Some limitations should also be mentioned. First of all, we point out that the results vary depending on the indicator selected. They should be interpreted as a whole and compared with each other to try to reduce bias as much as possible. On the other hand, each wave of the SHARE does not cover the same countries, and therefore our analyses are not always on the same sample.
5. Conclusions
The main objective of this study was to analyze the evolution of inequality in health. For this purpose, we used data from Waves 2, 4 and 8 of the SHARE (for 2006, 2010 and 2020, respectively) for different European countries. As our variable under study was an ordinal variable (SAH), we had to select inequality measurement indicators that can be applied in this type of situation. Specifically, we used those developed by Apouey [
13], Abul Naga and Yalcin [
14], Reardon [
15] and Lazar and Silber [
17]. Furthermore, we did not only analyze six different indicators, but for two of them, we also assumed two different situations by giving different values to the α and β parameters. With all this, we could construct a ranking from the most unequal to the least unequal country and examine the sensitivity of the results according to the indicator used.
Our results suggest that inequalities in SAH have existed and still do among older European citizens. We can state that the results are sensitive to the indicator used, the time period and gender. Just before the economic crisis of 2008, in 2006, the most unequal countries on average were Denmark, Ireland and Sweden for both men and women. After the crisis, in 2010, the three countries with the highest inequality on average for men are Denmark, Sweden and Italy and for women Sweden, Denmark and Slovenia. Finally, during the COVID-19 health crisis, the three countries with the highest inequality in SAH on average are Denmark, Cyprus and Croatia for both genders. This shows that the most unequal country, on average, by a large majority is Denmark (in all but one case it ranks first). However, the three countries with the lowest inequality have much greater variability by year studied.

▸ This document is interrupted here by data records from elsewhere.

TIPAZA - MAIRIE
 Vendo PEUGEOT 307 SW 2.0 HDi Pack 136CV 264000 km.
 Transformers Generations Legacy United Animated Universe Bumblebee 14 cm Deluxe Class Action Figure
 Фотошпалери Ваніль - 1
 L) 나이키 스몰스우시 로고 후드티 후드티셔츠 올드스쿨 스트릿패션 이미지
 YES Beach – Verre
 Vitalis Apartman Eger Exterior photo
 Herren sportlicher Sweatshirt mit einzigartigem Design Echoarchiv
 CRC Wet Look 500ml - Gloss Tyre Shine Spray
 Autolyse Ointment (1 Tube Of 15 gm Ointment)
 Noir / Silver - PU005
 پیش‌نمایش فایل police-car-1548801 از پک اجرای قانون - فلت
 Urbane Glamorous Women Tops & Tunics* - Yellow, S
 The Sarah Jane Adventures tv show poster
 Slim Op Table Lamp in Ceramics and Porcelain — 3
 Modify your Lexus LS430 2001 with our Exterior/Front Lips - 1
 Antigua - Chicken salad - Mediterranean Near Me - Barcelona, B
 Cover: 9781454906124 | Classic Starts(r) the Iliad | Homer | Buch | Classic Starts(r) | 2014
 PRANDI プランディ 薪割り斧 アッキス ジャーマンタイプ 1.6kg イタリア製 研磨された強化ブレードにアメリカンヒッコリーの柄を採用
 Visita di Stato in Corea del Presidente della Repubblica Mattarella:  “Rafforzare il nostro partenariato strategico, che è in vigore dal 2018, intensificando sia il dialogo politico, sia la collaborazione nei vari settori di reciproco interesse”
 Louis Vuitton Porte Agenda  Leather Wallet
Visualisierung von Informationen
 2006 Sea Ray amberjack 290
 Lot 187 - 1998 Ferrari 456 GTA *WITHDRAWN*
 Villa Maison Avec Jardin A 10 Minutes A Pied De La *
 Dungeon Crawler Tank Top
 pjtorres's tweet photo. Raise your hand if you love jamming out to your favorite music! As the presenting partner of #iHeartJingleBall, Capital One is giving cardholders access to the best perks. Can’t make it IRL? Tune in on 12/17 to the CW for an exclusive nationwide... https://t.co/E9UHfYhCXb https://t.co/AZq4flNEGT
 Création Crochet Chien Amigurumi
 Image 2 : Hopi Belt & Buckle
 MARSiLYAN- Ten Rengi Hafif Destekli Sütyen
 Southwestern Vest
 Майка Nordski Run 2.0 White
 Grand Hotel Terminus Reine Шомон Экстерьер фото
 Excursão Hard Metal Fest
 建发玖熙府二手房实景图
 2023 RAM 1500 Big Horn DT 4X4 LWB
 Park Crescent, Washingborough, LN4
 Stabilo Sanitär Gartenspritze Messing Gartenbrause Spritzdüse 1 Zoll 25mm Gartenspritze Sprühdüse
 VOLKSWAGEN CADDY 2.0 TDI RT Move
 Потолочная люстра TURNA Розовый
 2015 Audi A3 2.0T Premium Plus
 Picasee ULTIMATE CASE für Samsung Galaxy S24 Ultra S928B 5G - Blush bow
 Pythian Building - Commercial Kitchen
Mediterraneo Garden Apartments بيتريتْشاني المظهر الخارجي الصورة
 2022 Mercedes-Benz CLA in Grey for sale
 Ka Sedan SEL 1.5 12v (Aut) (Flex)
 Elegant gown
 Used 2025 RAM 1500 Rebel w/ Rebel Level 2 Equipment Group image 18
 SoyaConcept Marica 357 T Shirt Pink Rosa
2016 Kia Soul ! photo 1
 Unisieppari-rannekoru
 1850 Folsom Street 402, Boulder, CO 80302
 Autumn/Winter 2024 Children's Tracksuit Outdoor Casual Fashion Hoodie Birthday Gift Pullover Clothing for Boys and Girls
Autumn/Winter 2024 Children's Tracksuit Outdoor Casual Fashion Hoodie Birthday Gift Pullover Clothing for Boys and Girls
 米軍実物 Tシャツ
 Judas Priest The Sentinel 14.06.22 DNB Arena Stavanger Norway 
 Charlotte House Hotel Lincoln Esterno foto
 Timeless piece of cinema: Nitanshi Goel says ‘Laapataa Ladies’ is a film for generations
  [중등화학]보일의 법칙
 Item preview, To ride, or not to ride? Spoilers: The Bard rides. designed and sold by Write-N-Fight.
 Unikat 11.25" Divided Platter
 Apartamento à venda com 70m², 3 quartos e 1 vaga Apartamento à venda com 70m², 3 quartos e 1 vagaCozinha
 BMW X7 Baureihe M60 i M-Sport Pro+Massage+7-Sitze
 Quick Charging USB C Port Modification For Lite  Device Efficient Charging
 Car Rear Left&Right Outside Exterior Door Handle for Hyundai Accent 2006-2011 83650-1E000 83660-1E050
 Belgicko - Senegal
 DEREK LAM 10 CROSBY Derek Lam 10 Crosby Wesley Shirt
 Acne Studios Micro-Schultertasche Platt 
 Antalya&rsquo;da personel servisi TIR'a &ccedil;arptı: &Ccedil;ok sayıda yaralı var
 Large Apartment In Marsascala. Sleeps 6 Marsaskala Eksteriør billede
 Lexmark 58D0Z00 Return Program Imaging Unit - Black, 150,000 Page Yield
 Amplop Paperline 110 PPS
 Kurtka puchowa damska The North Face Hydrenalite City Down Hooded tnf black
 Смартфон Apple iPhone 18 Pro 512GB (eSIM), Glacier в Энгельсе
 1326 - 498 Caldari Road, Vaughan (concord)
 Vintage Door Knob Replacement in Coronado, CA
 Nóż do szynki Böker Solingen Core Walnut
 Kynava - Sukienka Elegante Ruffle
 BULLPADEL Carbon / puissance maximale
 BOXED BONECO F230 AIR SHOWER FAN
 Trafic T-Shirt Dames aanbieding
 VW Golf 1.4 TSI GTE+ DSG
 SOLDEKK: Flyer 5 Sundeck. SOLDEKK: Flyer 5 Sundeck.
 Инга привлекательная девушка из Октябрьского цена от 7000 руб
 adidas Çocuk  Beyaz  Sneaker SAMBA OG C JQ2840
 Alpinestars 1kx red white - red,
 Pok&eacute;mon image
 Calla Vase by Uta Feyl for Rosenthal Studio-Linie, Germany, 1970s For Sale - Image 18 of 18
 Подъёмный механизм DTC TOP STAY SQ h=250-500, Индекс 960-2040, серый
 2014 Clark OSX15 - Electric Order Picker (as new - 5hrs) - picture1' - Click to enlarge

Referring to gender differences, in 2006 and 2010, inequality on average was higher for women than for men. In 2020, this trend is reversed, and inequality is higher for men than for women. On the other hand, comparing the growth rates from one time period to another, we see that none of them is positive, which suggests that, although inequalities in SAH still exist, the evolution is favorable because inequality values are decreasing.
Furthermore, as possible future research, socio-economic, cultural or environmental factors that positively and negatively affect individuals’ SAH could be identified and measures of inequality decomposed. The effects of public policies on health inequalities could also be assessed. In this regard, it is worth noting that in the wake of the pandemic, major international organizations are discussing how public health and social determinants could be improved across Europe. This is the case of EuroHealthNet [
24], which is looking at how countries could come together to create enabling environments for wellbeing, with equity and wellbeing as key pillars for the development and promotion of such public policies. The analysis could also be replicated for other variables characterizing population health. A special effort should be made to ensure an adequate level of health for vulnerable people, such as the elderly.